# DaYan II-GuHong Review



## iSpinz (Jun 13, 2010)

So I got my sample and this is going to be a little review... 
Click images for larger view

So, the first thing you notice when you get this cube is the nice box that comes with it. Basically it's the same as the crazy 2x3x3 box except the size of a 3x3. Pretty nice packaging. Has a picture of Bao Da Qing(creator) and a little warning thing.










The cube itself is the average 57mm with cubic cubies. The space in between is also similar to the A5. From the outside it looks just like a normal cube.






Once you get inside the cube everything starts becoming different. As you can see, all of cubies become very small in the inside, allowing it to have such a small inner radius. The end of the centers is only wide enough to allow the screw to go through. A feature I find very unique is the fact that the corners are made of three pieces glued together and the edges made of two, giving it the potential to be the first cube to have colored plastic on the corners. 










Onto the performance.
Scale from 1-10 (1 being very bad, 10 very good)
Medium tight screws:
Speed: 6
Corner cutting: 7 (~40°)
Feeling: Smooth
Lock-Ups: 7
Popping:10
Reverse-corner cutting: 9 (1/2 piece)

Loose Screws:
Speed: 9
Corner cutting: 10
Feeling: Smooth
Lock-Ups: 8
Popping:8
Reverse-corner cutting: 10 (3/4 piece)

So yeah a pretty good cube. At loose setting it tends to pop a bit though.

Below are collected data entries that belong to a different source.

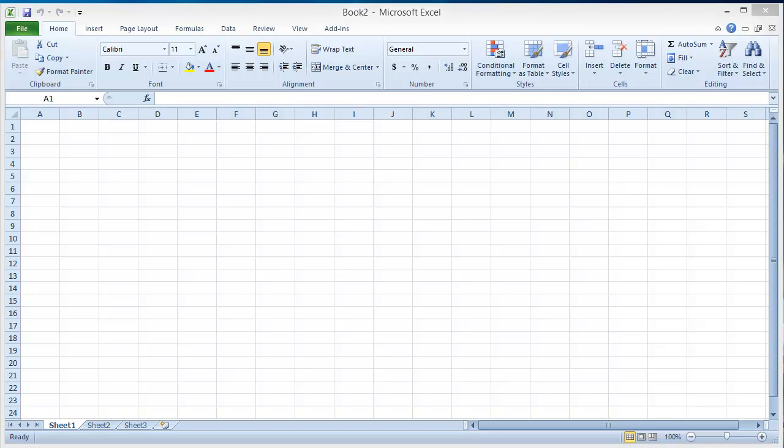So the question is, what is Microsoft Excel and what is spreadsheet software? Microsoft Excel is the electronic spreadsheet program that comes with the Microsoft Office suite.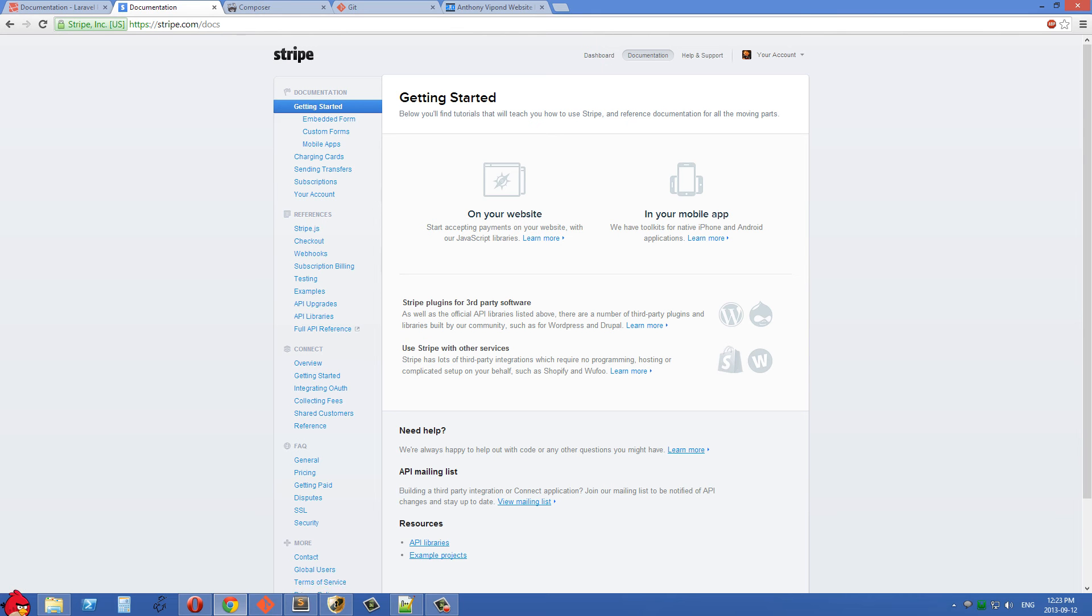In the last video I mentioned that we are going to be using PHP to process these credit cards, and we're going to do that inside PHP's Laravel framework, specifically Laravel 4.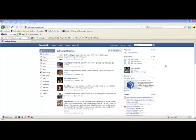All right everybody, Adam Kappel here. I've been getting a lot of questions from different people on how to set up a Facebook fan page, so today I'm going to walk you through the steps on how to create that fan page. In the future I'm going to make another video that will walk you through different things you can do with the fan page to optimize it and retain visitors.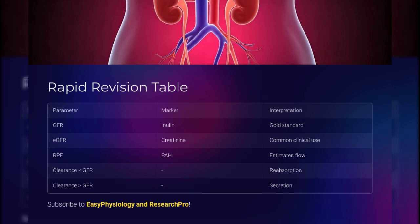Subscribe to Easy Physiology and Research Pro for more physiological concepts.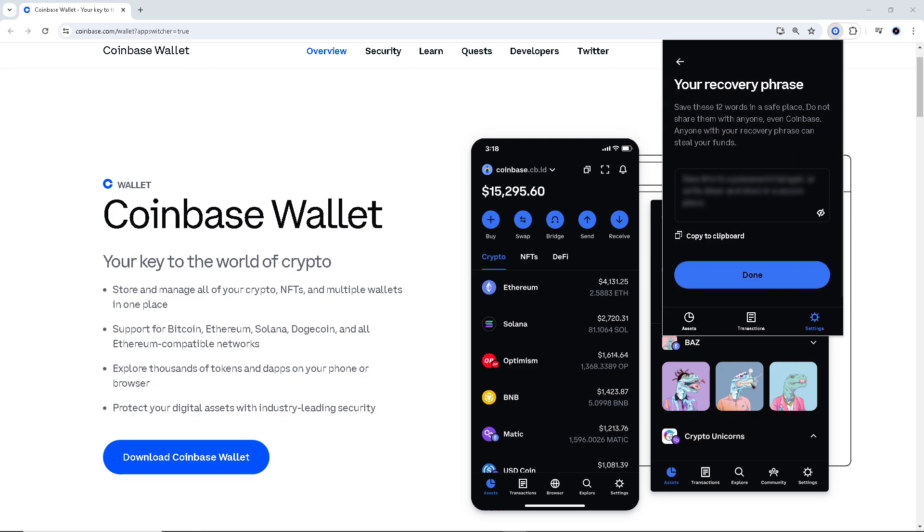As you can see this is going to be your recovery phrase, these are the 12 words. Keep them in a safe place, do not share them with anyone. All you have to do is copy that to a clipboard, post it in a safe place and you're done.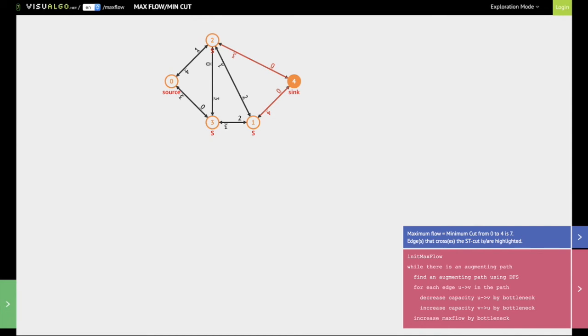I hope this simple video gives you an understanding of how to implement Ford-Fulkerson's algorithm. Thank you for watching. If you like this video, do subscribe to my channel and watch the other videos in this playlist. Thank you.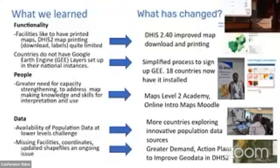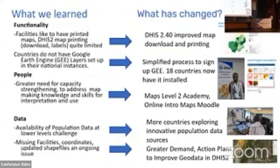We also learned that there's a challenge of data — specifically population data availability at the lowest levels of the system, issues with missing facility coordinates, misplaced coordinates, and having updated shapefiles or administrative boundaries to represent changes over time, such as district formation. An important lesson that emerged is that by highlighting these issues through using the data, it's created greater demand for improving the geodata in DHIS2 and a greater demand for using the innovative population and earth science data we've been sharing.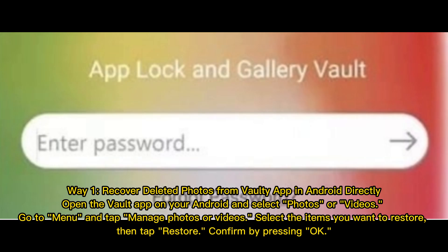Way 1: Recover deleted photos from Vaulti app on Android directly. Open the Vault app on your Android and select Photos or Videos. Go to Menu and tap Manage Photos or Videos. Select the items you want to restore, then tap Restore. Confirm by pressing OK.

Questions or comments just post below.

Expect to see this cube in my store soon.


----------



## Rodrigo Piaggio (Jun 13, 2010)

Ok, nice preview. Did you lube it? with what? my Dayan 3x3 was like a dream after lube. Before that it was stiff. I already preorder one of these from witeden.


----------



## iSpinz (Jun 13, 2010)

Rodrigo Piaggio said:


> Ok, nice preview. Did you lube it? with what? my Dayan 3x3 was like a dream after lube. Before that it was stiff. I already preorder one from witeden.



I got it pre-lubed.


----------



## Rodrigo Piaggio (Jun 13, 2010)

iSpinz said:


> I got it pre-lubed.



Ok, thank you.



iSpinz said:


> ...giving it the potential to be the first cube to have colored plastic on the corners.



What do you mean by that?


----------



## Inf3rn0 (Jun 13, 2010)

Rodrigo Piaggio said:


> iSpinz said:
> 
> 
> > I got it pre-lubed.
> ...



I think he means that each of the 3 bits to a corner could be different coloured plastic, meaning it could be a cube without stickers. As the two parts to an edge could be coloured aswell. I think.

You edited your post


----------



## Rodrigo Piaggio (Jun 13, 2010)

Inf3rn0 said:


> You edited your post



Yup. edit yours


----------



## xbrandationx (Jun 13, 2010)

Wait so where can you buy these?


----------



## iSpinz (Jun 13, 2010)

xbrandationx said:


> Wait so where can you buy these?


So far nobody is supposed to have them for sale, but I should have them in few weeks.


----------



## Zava (Jun 13, 2010)

iSpinz said:


> xbrandationx said:
> 
> 
> > Wait so where can you buy these?
> ...



http://www.hknowstore.com/item.aspx?corpname=nowstore&itemid=61c42009-3b20-499b-aa11-afd6ff6fc035


----------



## xbrandationx (Jun 13, 2010)

How much are you going to have them up for iSpinz?




Zava said:


> http://www.hknowstore.com/item.aspx?corpname=nowstore&itemid=61c42009-3b20-499b-aa11-afd6ff6fc035



It says pre-order, so when does it come out?


----------



## iSpinz (Jun 13, 2010)

Zava said:


> iSpinz said:
> 
> 
> > xbrandationx said:
> ...


*cough*pre-order*cough*


----------



## Zava (Jun 13, 2010)

iSpinz said:


> Zava said:
> 
> 
> > iSpinz said:
> ...



sorry, my bad, didn't check properly


----------



## iSpinz (Jun 13, 2010)

xbrandationx said:


> How much are you going to have them up for iSpinz?
> 
> 
> 
> ...



It should come out in about a week. I'm thinking about ~$12.


----------



## ~Phoenix Death~ (Jun 25, 2010)

The GuHong is on the wya to Speedcubeshop.com!


----------



## Edward (Jun 25, 2010)

I'd very much appreciate a video of this cube.


----------



## Chapuunka (Jun 25, 2010)

Edward said:


> I'd very much appreciate a video of this cube.



+1


----------



## ~Phoenix Death~ (Jun 25, 2010)

Edward said:


> I'd very much appreciate a video of this cube.







Skip to 1:15


----------



## iSpinz (Jun 25, 2010)

~Phoenix Death~ said:


> The GuHong is on the wya to Speedcubeshop.com!



Thanks for the heads up! 


[/sarcasm]


----------



## ~Phoenix Death~ (Jun 25, 2010)

iSpinz said:


> ~Phoenix Death~ said:
> 
> 
> > The GuHong is on the wya to Speedcubeshop.com!
> ...



Your welcome :3


----------